An image of a man sitting in front of a wall. His eyes are closed and his hands set in a meditating position. Behind him, the wall has graffiti showing a brain. The left half of the brain is in greys and white, with mathematical formulae across a grey backdrop. On the right, the brain has bright colors exploding outward and overlapping with each other.


By Allied Solutions | February 15, 2023

Let’s talk about science, or more specifically, your psyche. Yes, this blog that is generally about finance is pivoting for just a moment, but bear with me, we’ll get back to your regularly scheduled reading shortly. 

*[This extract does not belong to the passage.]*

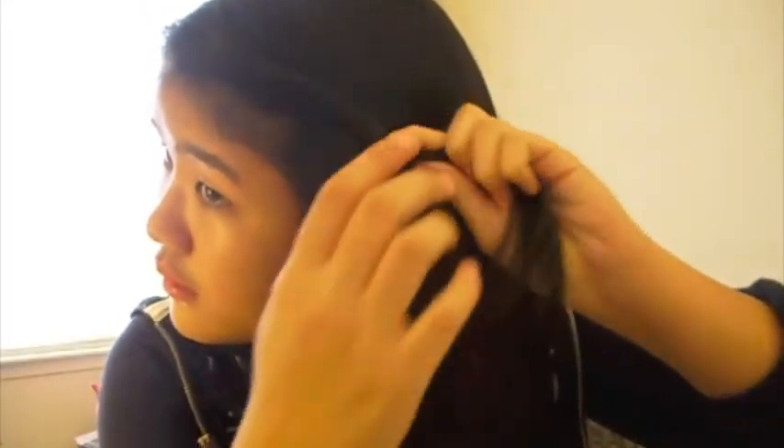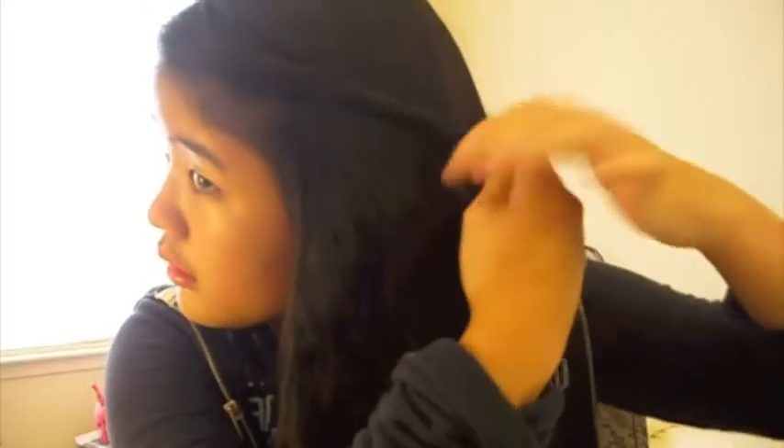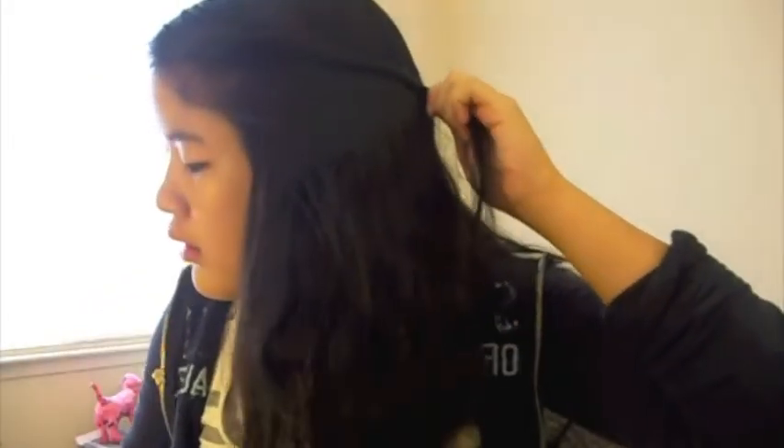So if you have bangs like me and they bother you, go ahead and twist them back and then bobby pin them with two bobby pins. This way your hair will be out of your face at school and it won't bother you.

Does your institution have a strategy? Of course it does. No one would run a business without one. Does your institution have a strategy for crisis? Maybe. Have you ever wondered what makes a good plan and how you arrived at the decision? Did you look outside the box or follow someone else’s lead? Analyzing the psychological foundations of business strategies is not a new concept, but probably one that’s not really thought about. Giovanni Gavetti, an associate professor of strategy at Tuck School of Business at Dartmouth College, says that it’s the opportunities that are “cognitively distant” from one’s typical experience that are most potentially rewarding, and that companies tend to gravitate toward only a few profitable opportunities, which can quickly “dry up the well.”

Lesson to be learned: Expand your resources

With that in mind, let’s get back to finance. 


The Term That Won't Go Away

‘Liquidity crisis’ (did you guess the term?) seems to keep popping up. And rightfully so. Between inflation, fluctuating interest rates, a possible recession, and the economy overall, financial institutions have a right to be concerned about keeping up with consumer demand. What are you doing to mitigate these risks? Maybe our lesson from above already has you thinking.   

As a reminder…

A black background with white text is shown. The text reads 'liquidity crisis' with pronunciation beneath. A definition follows: 'Noun. A financial situation characterized by a lack of cash or easily-convertible-to-cash assets on hand across many businesses or financial institutions simultaneously.'



Failing to Plan is Planning to Fail

One of the worst things you can do in a liquidity crisis is wait until the last minute to react (or do nothing at all). Having a strategic plan in place is not only important but could potentially save your institution from some abysmal lows. 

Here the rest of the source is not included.